(Beginning of Dataset entries)

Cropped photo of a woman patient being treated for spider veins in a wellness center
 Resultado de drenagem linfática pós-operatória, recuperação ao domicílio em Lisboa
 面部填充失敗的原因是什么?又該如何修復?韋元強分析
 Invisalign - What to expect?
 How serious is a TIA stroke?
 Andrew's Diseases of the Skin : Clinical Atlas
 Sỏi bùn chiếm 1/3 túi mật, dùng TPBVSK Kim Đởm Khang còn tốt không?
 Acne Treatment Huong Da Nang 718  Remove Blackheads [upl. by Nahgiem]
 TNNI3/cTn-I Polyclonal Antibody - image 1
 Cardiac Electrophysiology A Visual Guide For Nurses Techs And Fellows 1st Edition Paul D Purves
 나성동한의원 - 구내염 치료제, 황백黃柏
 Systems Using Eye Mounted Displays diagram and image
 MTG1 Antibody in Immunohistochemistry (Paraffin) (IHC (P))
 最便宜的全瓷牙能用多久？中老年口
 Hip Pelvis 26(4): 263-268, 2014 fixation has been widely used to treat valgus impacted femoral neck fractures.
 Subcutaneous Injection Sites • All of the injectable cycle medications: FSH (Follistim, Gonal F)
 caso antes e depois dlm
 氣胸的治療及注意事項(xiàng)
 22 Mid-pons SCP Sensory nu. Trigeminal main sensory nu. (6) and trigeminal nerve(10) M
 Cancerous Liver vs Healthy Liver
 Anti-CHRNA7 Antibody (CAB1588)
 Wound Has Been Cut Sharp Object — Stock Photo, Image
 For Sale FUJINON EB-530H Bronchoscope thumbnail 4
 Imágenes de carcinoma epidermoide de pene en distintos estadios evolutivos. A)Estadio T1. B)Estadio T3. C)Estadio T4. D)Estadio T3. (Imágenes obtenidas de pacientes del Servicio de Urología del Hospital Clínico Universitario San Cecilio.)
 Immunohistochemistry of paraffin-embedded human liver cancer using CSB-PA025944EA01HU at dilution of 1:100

(End of Dataset entries)

# Activity
All of the data above should be transcribed exactly.

# Reply
Cropped photo of a woman patient being treated for spider veins in a wellness center
 Resultado de drenagem linfática pós-operatória, recuperação ao domicílio em Lisboa
 面部填充失敗的原因是什么?又該如何修復?韋元強分析
 Invisalign - What to expect?
 How serious is a TIA stroke?
 Andrew's Diseases of the Skin : Clinical Atlas
 Sỏi bùn chiếm 1/3 túi mật, dùng TPBVSK Kim Đởm Khang còn tốt không?
 Acne Treatment Huong Da Nang 718  Remove Blackheads [upl. by Nahgiem]
 TNNI3/cTn-I Polyclonal Antibody - image 1
 Cardiac Electrophysiology A Visual Guide For Nurses Techs And Fellows 1st Edition Paul D Purves
 나성동한의원 - 구내염 치료제, 황백黃柏
 Systems Using Eye Mounted Displays diagram and image
 MTG1 Antibody in Immunohistochemistry (Paraffin) (IHC (P))
 最便宜的全瓷牙能用多久？中老年口
 Hip Pelvis 26(4): 263-268, 2014 fixation has been widely used to treat valgus impacted femoral neck fractures.
 Subcutaneous Injection Sites • All of the injectable cycle medications: FSH (Follistim, Gonal F)
 caso antes e depois dlm
 氣胸的治療及注意事項(xiàng)
 22 Mid-pons SCP Sensory nu. Trigeminal main sensory nu. (6) and trigeminal nerve(10) M
 Cancerous Liver vs Healthy Liver
 Anti-CHRNA7 Antibody (CAB1588)
 Wound Has Been Cut Sharp Object — Stock Photo, Image
 For Sale FUJINON EB-530H Bronchoscope thumbnail 4
 Imágenes de carcinoma epidermoide de pene en distintos estadios evolutivos. A)Estadio T1. B)Estadio T3. C)Estadio T4. D)Estadio T3. (Imágenes obtenidas de pacientes del Servicio de Urología del Hospital Clínico Universitario San Cecilio.)
 Immunohistochemistry of paraffin-embedded human liver cancer using CSB-PA025944EA01HU at dilution of 1:100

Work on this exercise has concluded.